═════ SUPPLIED RECORDS ═════

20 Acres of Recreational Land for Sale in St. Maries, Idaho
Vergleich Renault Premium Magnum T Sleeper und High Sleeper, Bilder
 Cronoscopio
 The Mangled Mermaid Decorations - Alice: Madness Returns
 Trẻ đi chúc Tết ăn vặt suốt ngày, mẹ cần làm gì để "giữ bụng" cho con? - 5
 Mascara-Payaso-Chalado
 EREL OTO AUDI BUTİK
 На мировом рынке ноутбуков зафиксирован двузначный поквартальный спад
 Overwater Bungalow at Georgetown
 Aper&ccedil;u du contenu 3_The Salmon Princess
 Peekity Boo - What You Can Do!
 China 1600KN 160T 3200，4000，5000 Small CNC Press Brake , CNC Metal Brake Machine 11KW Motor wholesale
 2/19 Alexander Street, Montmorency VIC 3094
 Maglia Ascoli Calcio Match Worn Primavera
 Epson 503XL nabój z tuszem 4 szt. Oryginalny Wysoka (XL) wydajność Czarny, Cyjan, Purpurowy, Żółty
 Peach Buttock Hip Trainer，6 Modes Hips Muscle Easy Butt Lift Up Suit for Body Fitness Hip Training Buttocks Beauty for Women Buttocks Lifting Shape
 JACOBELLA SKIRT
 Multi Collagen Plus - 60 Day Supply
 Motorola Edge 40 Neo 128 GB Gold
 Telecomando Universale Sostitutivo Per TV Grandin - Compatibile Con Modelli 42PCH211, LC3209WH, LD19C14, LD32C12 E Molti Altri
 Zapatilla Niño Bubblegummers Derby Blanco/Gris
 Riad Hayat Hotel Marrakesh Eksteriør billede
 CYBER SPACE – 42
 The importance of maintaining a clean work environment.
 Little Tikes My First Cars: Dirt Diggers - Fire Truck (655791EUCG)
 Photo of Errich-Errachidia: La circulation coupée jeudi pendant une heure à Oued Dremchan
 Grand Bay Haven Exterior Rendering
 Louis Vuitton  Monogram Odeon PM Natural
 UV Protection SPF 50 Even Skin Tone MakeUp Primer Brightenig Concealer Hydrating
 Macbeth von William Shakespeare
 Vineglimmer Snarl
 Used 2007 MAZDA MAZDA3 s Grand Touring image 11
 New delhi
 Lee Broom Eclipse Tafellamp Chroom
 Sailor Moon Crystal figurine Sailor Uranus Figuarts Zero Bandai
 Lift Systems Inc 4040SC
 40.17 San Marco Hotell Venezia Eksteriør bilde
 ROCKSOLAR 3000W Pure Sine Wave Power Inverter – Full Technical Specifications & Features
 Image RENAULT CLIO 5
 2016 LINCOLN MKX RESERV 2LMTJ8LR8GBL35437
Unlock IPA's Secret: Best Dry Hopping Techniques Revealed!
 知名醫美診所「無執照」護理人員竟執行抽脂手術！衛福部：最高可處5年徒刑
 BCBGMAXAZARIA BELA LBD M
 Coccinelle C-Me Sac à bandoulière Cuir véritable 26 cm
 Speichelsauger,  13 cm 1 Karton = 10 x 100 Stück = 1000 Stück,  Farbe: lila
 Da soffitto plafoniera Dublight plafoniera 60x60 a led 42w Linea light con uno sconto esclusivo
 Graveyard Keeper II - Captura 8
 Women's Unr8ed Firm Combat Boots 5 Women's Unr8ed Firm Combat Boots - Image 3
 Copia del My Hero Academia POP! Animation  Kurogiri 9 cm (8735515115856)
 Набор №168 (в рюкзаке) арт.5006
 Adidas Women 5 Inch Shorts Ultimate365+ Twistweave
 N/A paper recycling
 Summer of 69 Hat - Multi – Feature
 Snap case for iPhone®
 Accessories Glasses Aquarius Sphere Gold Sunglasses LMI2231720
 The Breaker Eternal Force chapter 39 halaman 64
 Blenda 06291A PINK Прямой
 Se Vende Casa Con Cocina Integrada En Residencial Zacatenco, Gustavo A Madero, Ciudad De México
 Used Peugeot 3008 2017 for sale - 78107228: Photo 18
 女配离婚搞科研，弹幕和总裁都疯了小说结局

═════

■ **ASSIGNMENT**
All lines above with "Used" in them should be returned.

■ **OUTPUT FOR THIS TASK**
 Used 2007 MAZDA MAZDA3 s Grand Touring image 11
 Used Peugeot 3008 2017 for sale - 78107228: Photo 18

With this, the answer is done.